# MATERIAL PROVIDED
^^^^
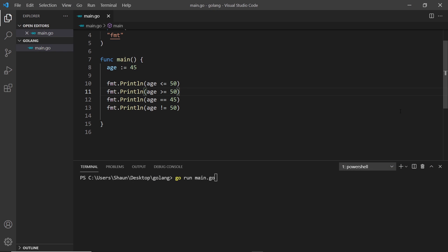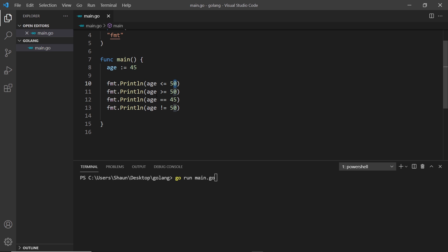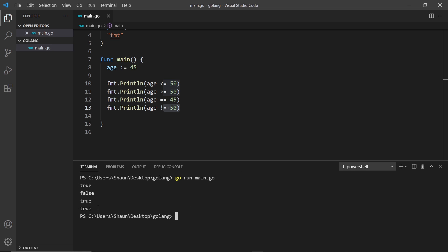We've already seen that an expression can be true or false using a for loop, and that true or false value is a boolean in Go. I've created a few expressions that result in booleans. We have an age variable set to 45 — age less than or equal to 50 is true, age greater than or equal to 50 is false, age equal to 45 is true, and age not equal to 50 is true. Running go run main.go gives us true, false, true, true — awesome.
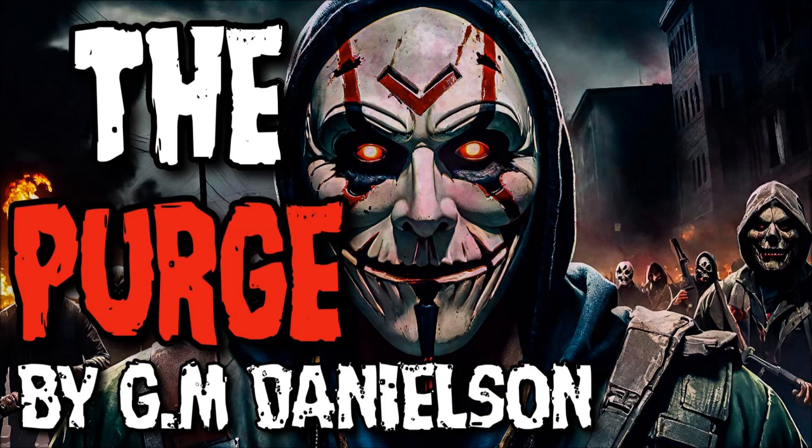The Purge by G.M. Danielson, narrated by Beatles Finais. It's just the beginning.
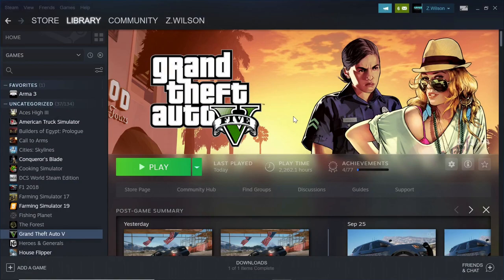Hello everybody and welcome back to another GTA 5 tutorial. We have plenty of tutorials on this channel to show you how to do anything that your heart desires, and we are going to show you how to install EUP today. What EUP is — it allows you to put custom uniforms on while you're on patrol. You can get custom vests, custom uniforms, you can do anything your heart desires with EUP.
^^^^
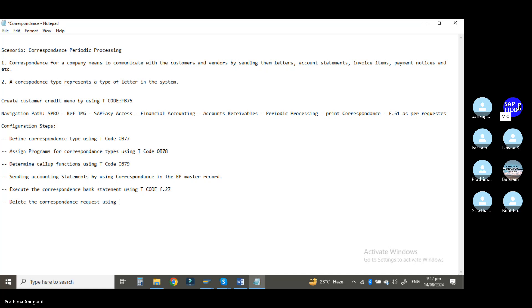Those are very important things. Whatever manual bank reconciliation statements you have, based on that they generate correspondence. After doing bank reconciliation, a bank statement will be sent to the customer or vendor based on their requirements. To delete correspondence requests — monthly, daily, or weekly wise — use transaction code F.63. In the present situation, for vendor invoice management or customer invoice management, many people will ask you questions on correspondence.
^^^^
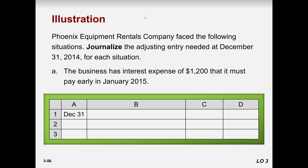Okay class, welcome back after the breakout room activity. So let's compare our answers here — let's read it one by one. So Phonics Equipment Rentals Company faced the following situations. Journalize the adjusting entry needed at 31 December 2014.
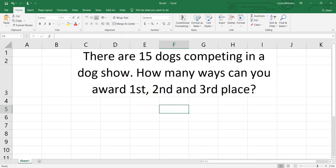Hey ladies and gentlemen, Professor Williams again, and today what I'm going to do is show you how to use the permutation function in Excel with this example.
^^^^
# THE PROBLEM
From the records above, quote word for word only the lines beginning at the line that has "We've already seen" and stopping after the line that has "Hello everybody and". Omit the pictures.

# YOUR RESPONSE
We've already seen that an expression can be true or false using a for loop, and that true or false value is a boolean in Go. I've created a few expressions that result in booleans. We have an age variable set to 45 — age less than or equal to 50 is true, age greater than or equal to 50 is false, age equal to 45 is true, and age not equal to 50 is true. Running go run main.go gives us true, false, true, true — awesome.
The Purge by G.M. Danielson, narrated by Beatles Finais. It's just the beginning.
Hello everybody and welcome back to another GTA 5 tutorial. We have plenty of tutorials on this channel to show you how to do anything that your heart desires, and we are going to show you how to install EUP today. What EUP is — it allows you to put custom uniforms on while you're on patrol. You can get custom vests, custom uniforms, you can do anything your heart desires with EUP.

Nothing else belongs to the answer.